Assignment
Please copy the data exactly as it stands, minus the images.

Exercise data
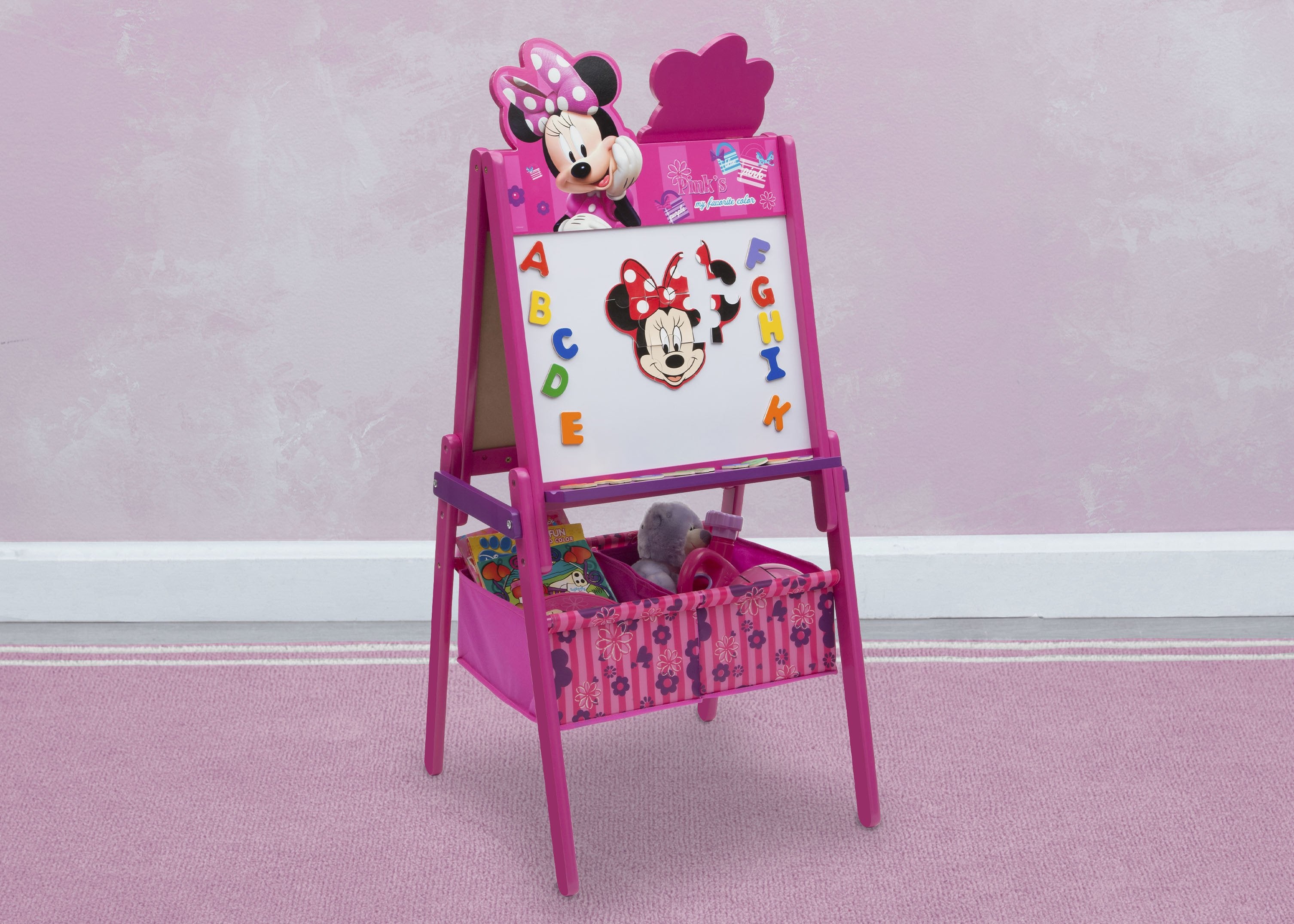 Minnie Mouse Wooden Double-Sided Kids Art Easel - Perfect for Drawing, Painting & Learning at Home or School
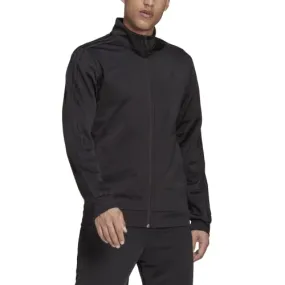 adidas Men's Warm-up Tricot Regular 3-stripes Track Jacket Black/Black Medium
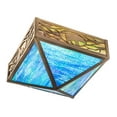 thumbnail image 4 of Meyda Tiffany 188913 Wildlife 4 Light 26" Wide Semi-Flush Ceiling Fixture - Copper, 4 of 7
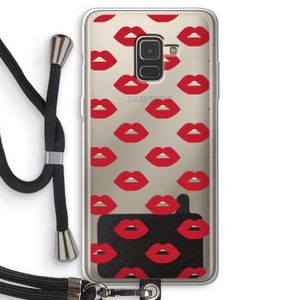 Lips: Samsung Galaxy A8 (2018) Transparant Hoesje met koord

Result
 Minnie Mouse Wooden Double-Sided Kids Art Easel - Perfect for Drawing, Painting & Learning at Home or School
 adidas Men's Warm-up Tricot Regular 3-stripes Track Jacket Black/Black Medium
 thumbnail image 4 of Meyda Tiffany 188913 Wildlife 4 Light 26" Wide Semi-Flush Ceiling Fixture - Copper, 4 of 7
 Lips: Samsung Galaxy A8 (2018) Transparant Hoesje met koord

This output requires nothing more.